[Available records Boundary: Start]

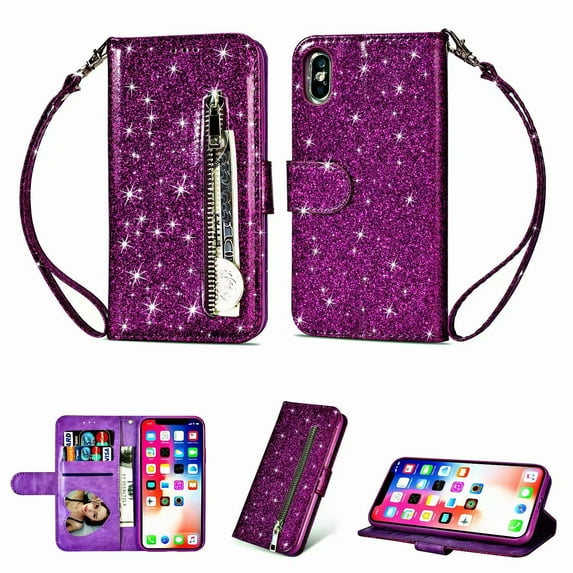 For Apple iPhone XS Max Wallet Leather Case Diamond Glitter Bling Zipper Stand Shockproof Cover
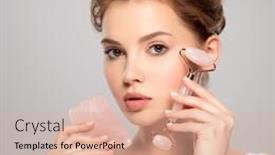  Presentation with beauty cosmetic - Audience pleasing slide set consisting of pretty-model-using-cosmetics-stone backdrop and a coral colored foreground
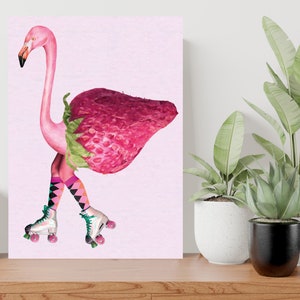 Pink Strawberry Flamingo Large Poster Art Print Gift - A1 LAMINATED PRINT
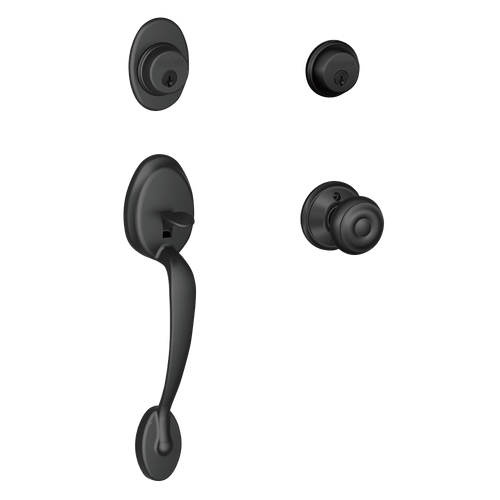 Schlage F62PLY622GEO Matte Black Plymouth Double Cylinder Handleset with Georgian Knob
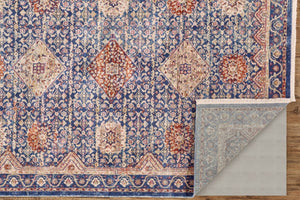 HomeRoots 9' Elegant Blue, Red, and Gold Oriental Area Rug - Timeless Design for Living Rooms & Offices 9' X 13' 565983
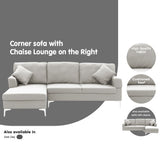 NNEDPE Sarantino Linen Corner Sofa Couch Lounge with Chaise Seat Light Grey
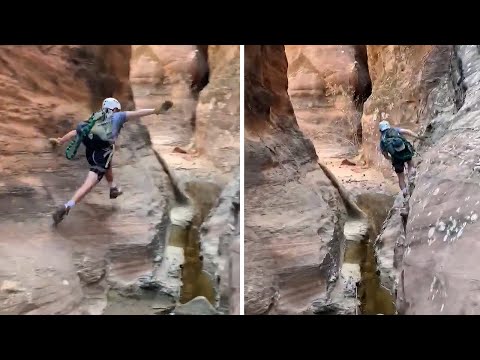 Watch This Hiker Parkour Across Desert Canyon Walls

[Available records Boundary: End]

**Assignment**.
Please restate all of the listing above word for word, with no pictures.

**Answer to the exercise**.
 For Apple iPhone XS Max Wallet Leather Case Diamond Glitter Bling Zipper Stand Shockproof Cover
  Presentation with beauty cosmetic - Audience pleasing slide set consisting of pretty-model-using-cosmetics-stone backdrop and a coral colored foreground
 Pink Strawberry Flamingo Large Poster Art Print Gift - A1 LAMINATED PRINT
 Schlage F62PLY622GEO Matte Black Plymouth Double Cylinder Handleset with Georgian Knob
 HomeRoots 9' Elegant Blue, Red, and Gold Oriental Area Rug - Timeless Design for Living Rooms & Offices 9' X 13' 565983
 NNEDPE Sarantino Linen Corner Sofa Couch Lounge with Chaise Seat Light Grey
 Watch This Hiker Parkour Across Desert Canyon Walls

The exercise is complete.